### WORK TO BE COMPLETED:
Your answer must be a word-for-word copy of the listing below, minus its pictures.

### THE DATA:
*-*-*

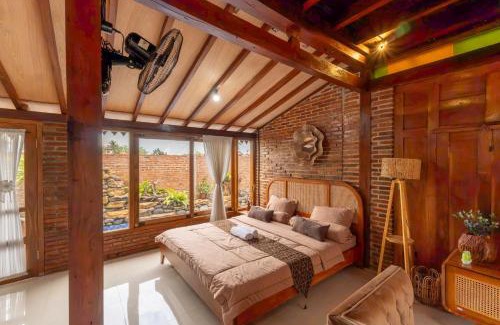 Pakem Villa | Villa Kaluna - 3 Bedroom Javanese Villa in Kaliurang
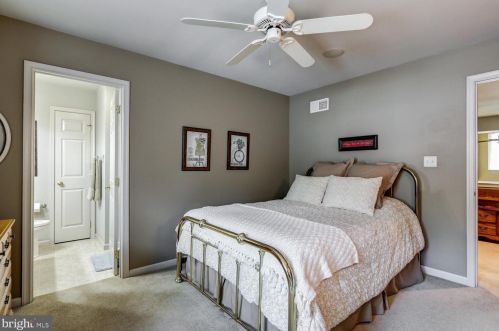 14 Red Leaf Ln, Lancaster PA  17602-7000 exterior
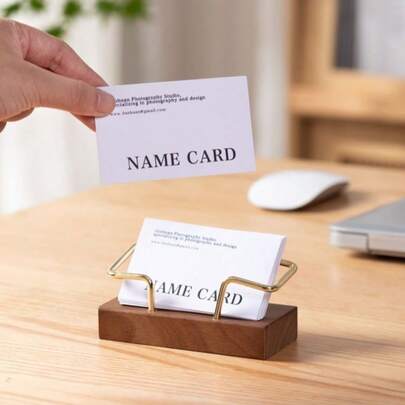 1个卡片收纳名片夹，简约桌面置物架，榉木卡片展示架，胡桃木金属木质卡片架，家居办公用品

*-*-*

### ANSWER FOR THIS EXERCISE:
 Pakem Villa | Villa Kaluna - 3 Bedroom Javanese Villa in Kaliurang
 14 Red Leaf Ln, Lancaster PA  17602-7000 exterior
 1个卡片收纳名片夹，简约桌面置物架，榉木卡片展示架，胡桃木金属木质卡片架，家居办公用品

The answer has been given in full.